Progarchives, the progressive rock ultimate discography
Indexi - Indeksi CD (album) cover



Crossover Prog

From, the ultimate progressive rock music website

Bookmark and Share
Honorary Collaborator
5 stars The more I dig into the past of ex-Yugoslavian early 1970s discography, the better are chances to stumble upon unexpected and unlikely releases. The whole my life I have believed that "Indexi" (pink cover of 1974) was the first LP of legendary Yugoslavian/Bosnian group. And in spite of not being a "real" studio album, it represented a progressive era of the band's development, bringing several key 7" songs ("Plima", "Balada", "Svijet u kojem zivim"...) together in a condensed format.

Then, a few months ago while browsing the online archive of the renowned, historic Yugoslavian music magazine "Dzuboks", in its first issue of July 1974 I saw an advertisement page with several titles as presented by RTV Ljubljana music label. Among them I noticed an image of INDEXI cassette tape, with photos of band members, titled simply "Indeksi" (that is how the band name is actually pronounced in South Slav languages). This came as a big surprise because I had never ever heard of such an issue and never saw anything like that in many "official" discographies of Yugoslav rock! Even highly comprehensive "Illustrated exYU Rock Encyclopaedia 1960- 2000" (title translated as information only, the book is not available in English) by P. Janjatovic does not mention it at all.

Like in some magical way, shortly after the big discovery, I found "Indeksi" posted on a blog, along with track list, indicating 1972 as the year of release. Soon after that, in September this year I obtained recently published biography of INDEXI, by J. Dujmovic, where the author presents very comprehensive and probably the most detailed discography of the band so far. Finally, he mentions this cassette as "unbelievable" oddity. Therefore, although released in cassette format only and never on vinyl, "Indeksi" is actually THE FIRST long-playing discographer release of INDEXI! That fact alone, however, would not mean a lot, had it not been for the quality of songs compiled therein. Now, onto the music...

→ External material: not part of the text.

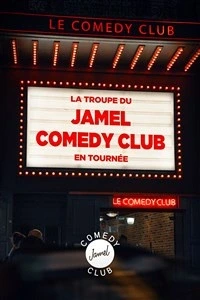 La Troupe du Jamel Comedy Club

- "Dan kao ovaj" (A Day Like This) - hard rocking main theme, filled with aggressive bass lines and Hammond. Following the bridge are psychedelic guitar solo, with strong drums and bass, then bluesy organ solo, then bass guitar solo. Very jazzy style with good singing. Recorded in October 1970. (Kovacevic, guitar-Popovic, vocal-Redzic, bass- Saranovic, drums-Rihtman, keyboards)

- "Hej ti" (Hey You) - starting with spacey Hammond, then melts into wonderful rhythmic performance that sounds quite accessible. Popovic vocal is brilliant as well as Kovacevic fuzzy guitar, sometimes resembling SANTANA. Excellent bass leads through a break then follows a "wall" of Hammond heavy tones a la VAN DER GRAAF or VANILLA FUDGE. This should have been a huge hit but was never released as a single. Recorded in 1972, live version also appeared on double album "Boom Pop Festival 1972". (Kovacevic, guitar-Popovic, vocal-Redzic, bass-Saranovic, drums-Lesic, keyboards)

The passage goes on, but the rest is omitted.